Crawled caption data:
━━━━━━━━━━━━━━━━
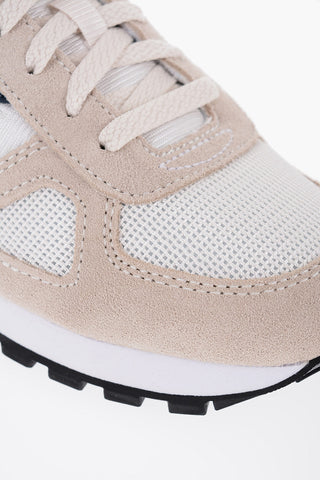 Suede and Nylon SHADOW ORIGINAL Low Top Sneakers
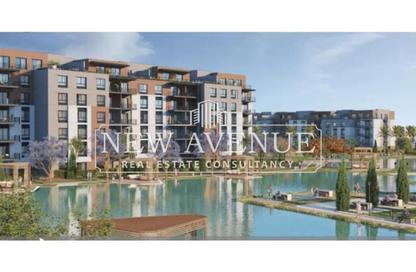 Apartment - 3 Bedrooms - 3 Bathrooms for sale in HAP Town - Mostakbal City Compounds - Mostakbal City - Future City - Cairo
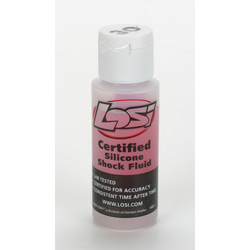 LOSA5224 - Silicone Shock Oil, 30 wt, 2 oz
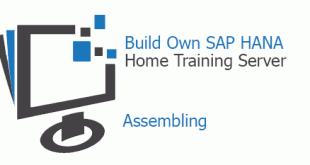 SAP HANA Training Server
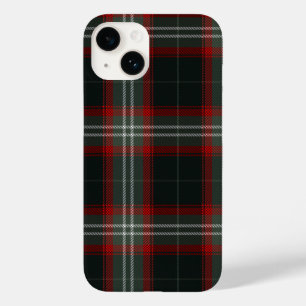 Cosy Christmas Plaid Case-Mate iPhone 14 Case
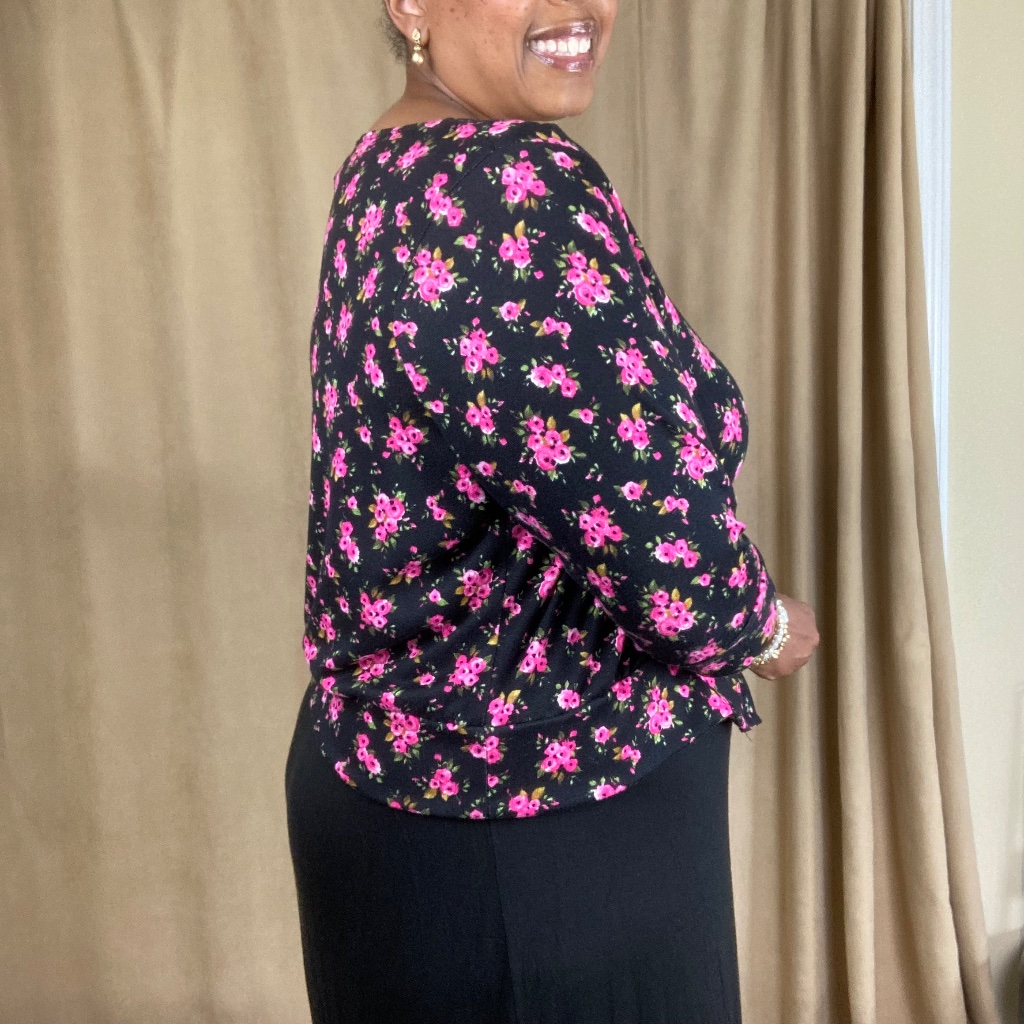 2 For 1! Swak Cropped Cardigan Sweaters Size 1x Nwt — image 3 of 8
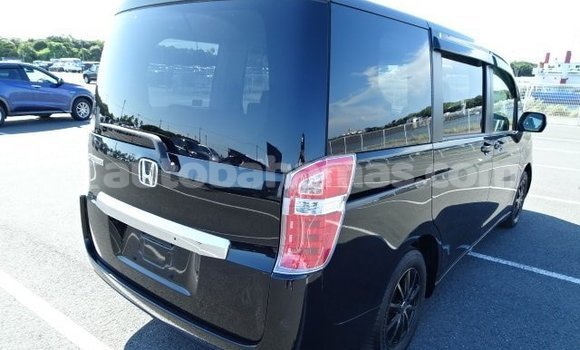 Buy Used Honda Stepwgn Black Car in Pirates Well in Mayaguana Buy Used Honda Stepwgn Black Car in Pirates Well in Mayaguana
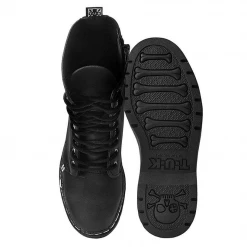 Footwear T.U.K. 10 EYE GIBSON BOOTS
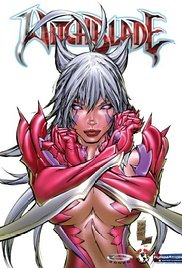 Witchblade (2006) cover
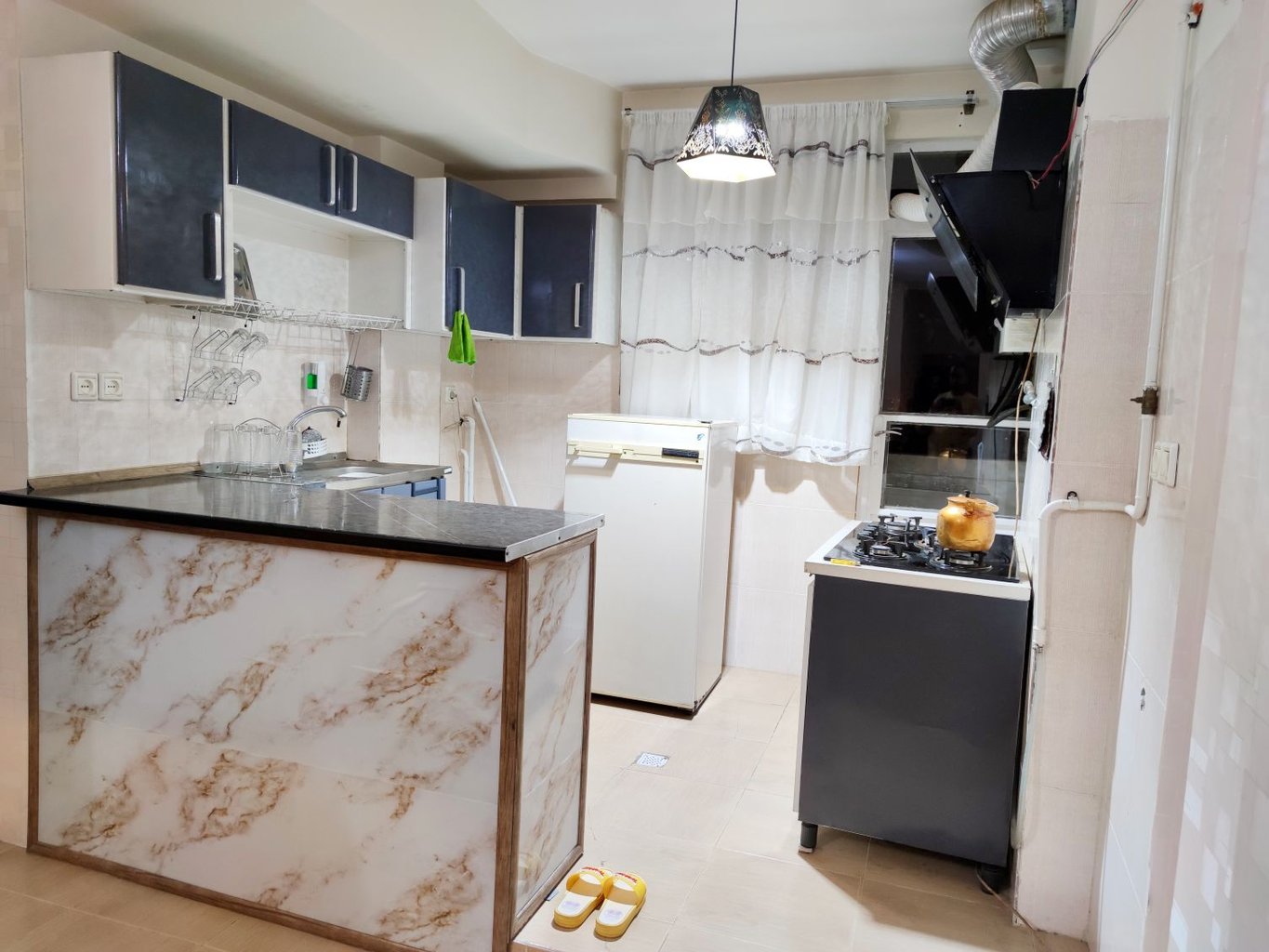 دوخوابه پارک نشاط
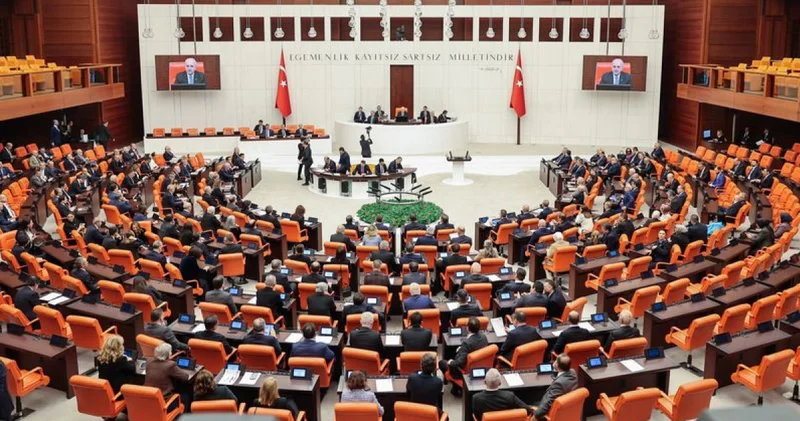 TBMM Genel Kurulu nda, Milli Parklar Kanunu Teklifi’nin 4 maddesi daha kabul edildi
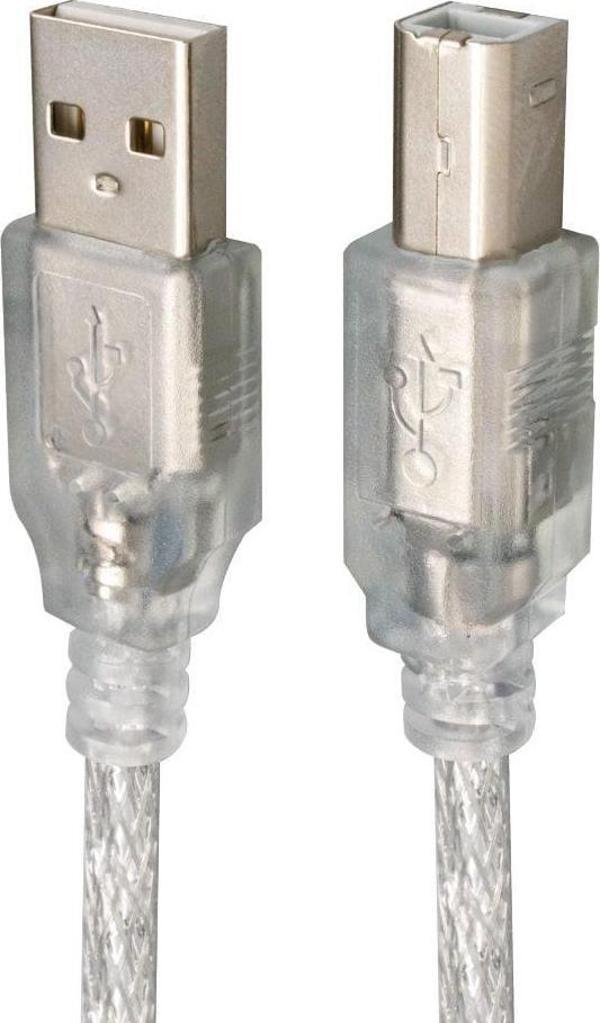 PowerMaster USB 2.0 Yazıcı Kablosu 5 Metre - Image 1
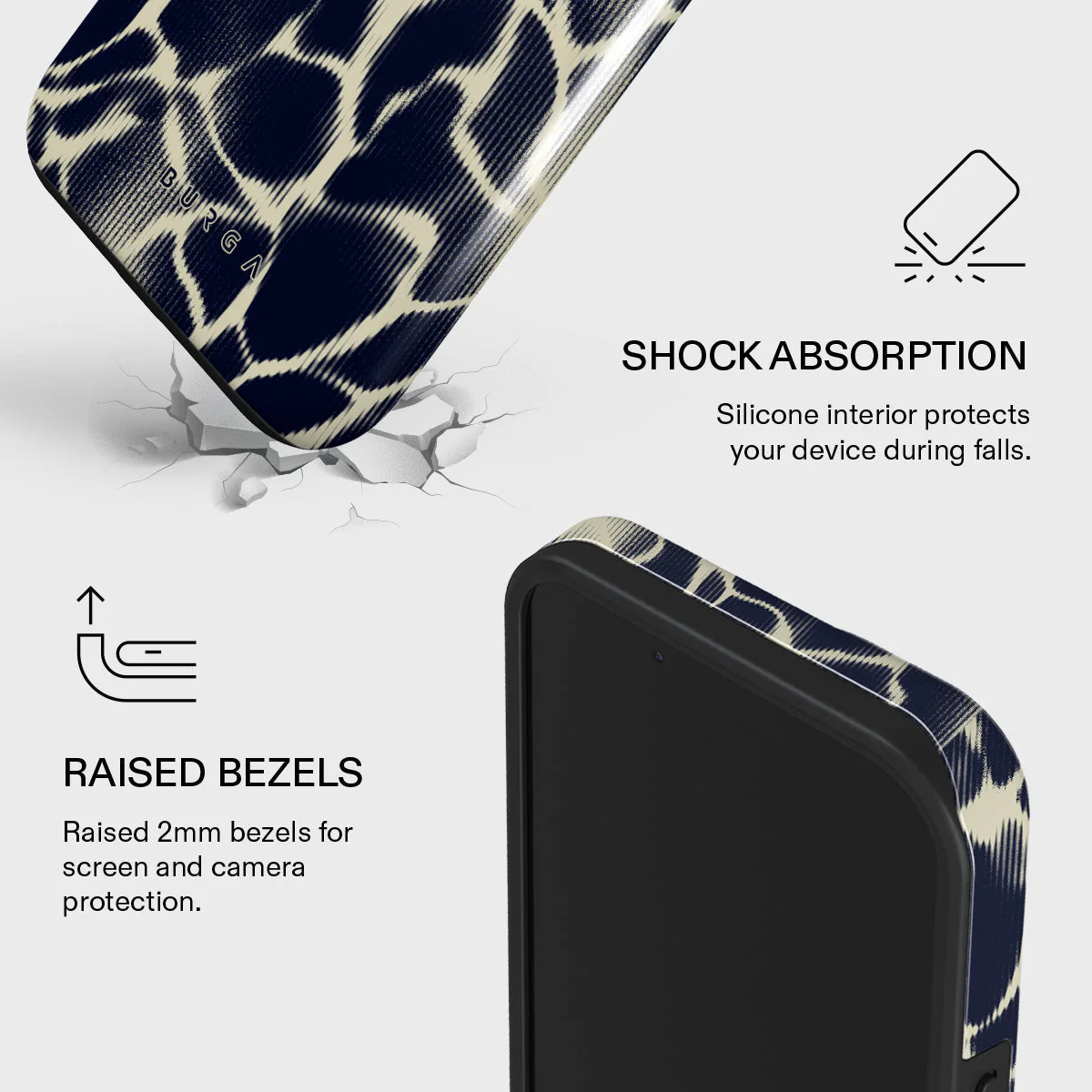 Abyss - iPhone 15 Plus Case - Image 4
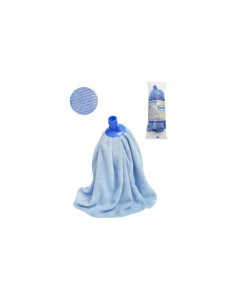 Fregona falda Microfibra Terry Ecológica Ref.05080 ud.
━━━━━━━━━━━━━━━━
> [Description of the task]:
Images are to be skipped, and each line above is to be returned exactly.

> [Response to the exercise]:
 Suede and Nylon SHADOW ORIGINAL Low Top Sneakers
 Apartment - 3 Bedrooms - 3 Bathrooms for sale in HAP Town - Mostakbal City Compounds - Mostakbal City - Future City - Cairo
 LOSA5224 - Silicone Shock Oil, 30 wt, 2 oz
 SAP HANA Training Server
 Cosy Christmas Plaid Case-Mate iPhone 14 Case
 2 For 1! Swak Cropped Cardigan Sweaters Size 1x Nwt — image 3 of 8
 Buy Used Honda Stepwgn Black Car in Pirates Well in Mayaguana Buy Used Honda Stepwgn Black Car in Pirates Well in Mayaguana
 Footwear T.U.K. 10 EYE GIBSON BOOTS
 Witchblade (2006) cover
 دوخوابه پارک نشاط
 TBMM Genel Kurulu nda, Milli Parklar Kanunu Teklifi’nin 4 maddesi daha kabul edildi
 PowerMaster USB 2.0 Yazıcı Kablosu 5 Metre - Image 1
 Abyss - iPhone 15 Plus Case - Image 4
 Fregona falda Microfibra Terry Ecológica Ref.05080 ud.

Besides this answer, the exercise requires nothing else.